The team will introduce two necessary changes to NeRF so that they can be effectively incorporated into this sparse voxel representation.

They designed a “deferred” NeRF architecture. The original NeRF architecture uses MLP, which runs once per 3D sample, to represent view-dependent effects. However, the modified architectures instead represent them in MLPs that run only once per pixel. They normalize the NeRF’s predicted opacity field during training to promote sparsity. The rendering time and storage required for volume representation largely depends on the sparseness of the opacity in the provided scene. Therefore, regularization penalizes the predicted density and makes the NeRF opacity field more sparse, improving both the resulting SNeRG storage cost and rendering time.

The team demonstrated the ability of the proposed method to speed up NeRF rendering, allowing frames to be rendered in real time while maintaining NeRF’s ability to represent fine geometric details and compelling view-dependent effects. I will. In addition, this representation is compact and requires an average of less than 90MB to represent the scene.

Figure 1: Comparison of NeRF and SNeRG ray marching procedures. Source: https: //arxiv.org/pdf/2103.14645.pdf

Researchers have compared the proposed approach with the latest techniques for accelerating NeRF, taking into account three criteria: render time performance, storage cost, and render quality.
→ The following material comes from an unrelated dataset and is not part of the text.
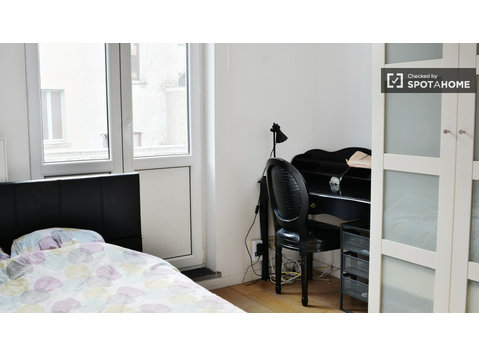Equipped room in 2-bedroom apartment in Ixelles, Brussels - For Rent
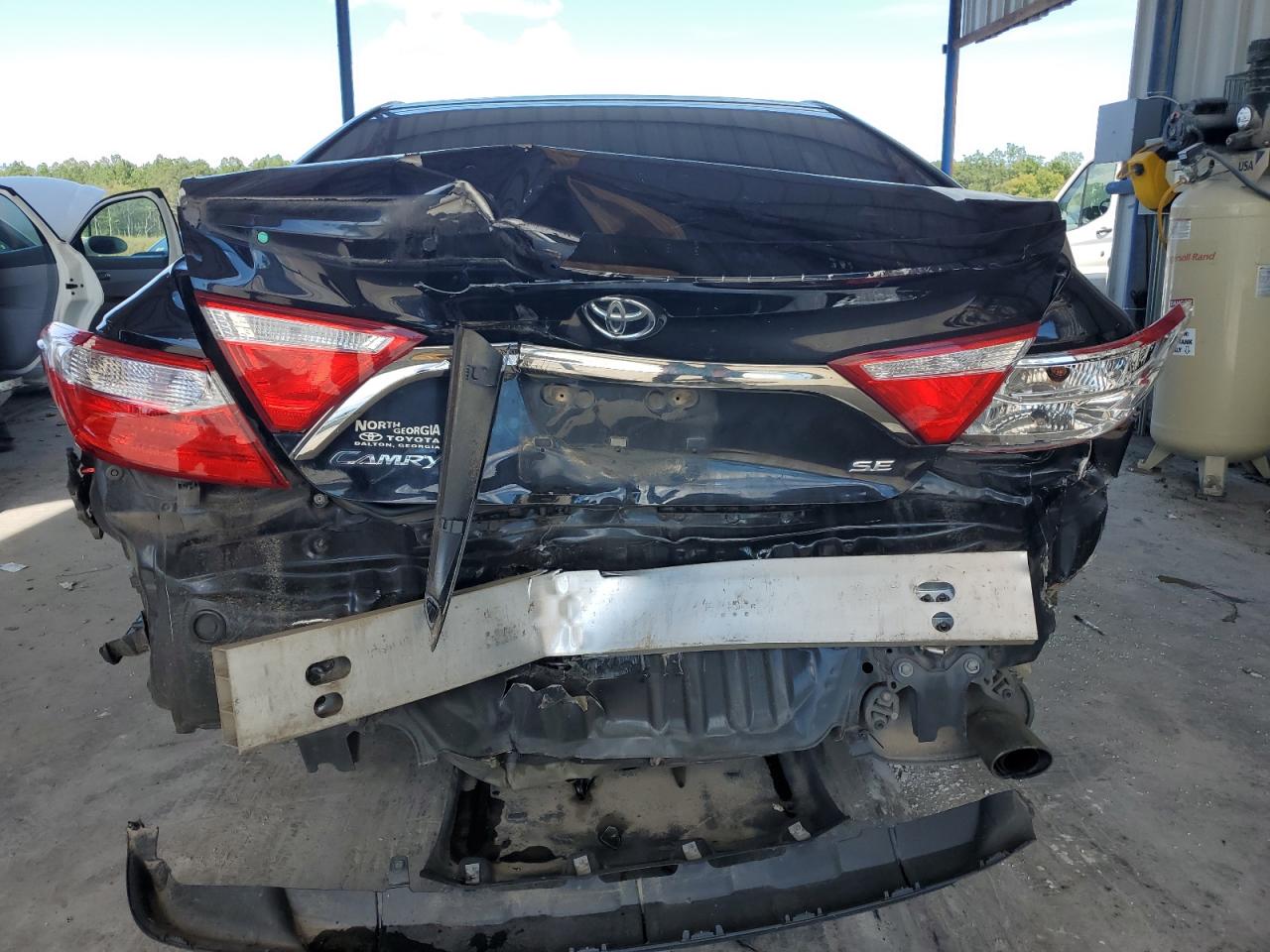 VIN 4T1BF1FK5FU114272 2015 TOYOTA CAMRY no.6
Upon evaluation, they found the following:

MLP had a slight impact on runtime performance when removing view dependencies. Extracting sparsity loss increased memory usage. Changed the proposed “delayed” rendering to NeRF with a very long render time.

The team states that the rendered quality of the proposed SNeRG model was found to compete with the neural model after tweaking. Storage ablation studies have verified that the compressed SNeRG representation is small enough to load quickly into a web page or view on a laptop GPU at 30 frames per second or more.

Figure 2: Loss of sparsity and visualization of visibility culling. Source: https: //arxiv.org/pdf/2103.14645.pdf Figure 3: View-dependent appearance Network fine-tuning (FT) impact Source: https: //arxiv.org/pdf/2103.14645.pdf

The team hopes that their approach will help them adopt such neural scene representations throughout various vision and graphics applications.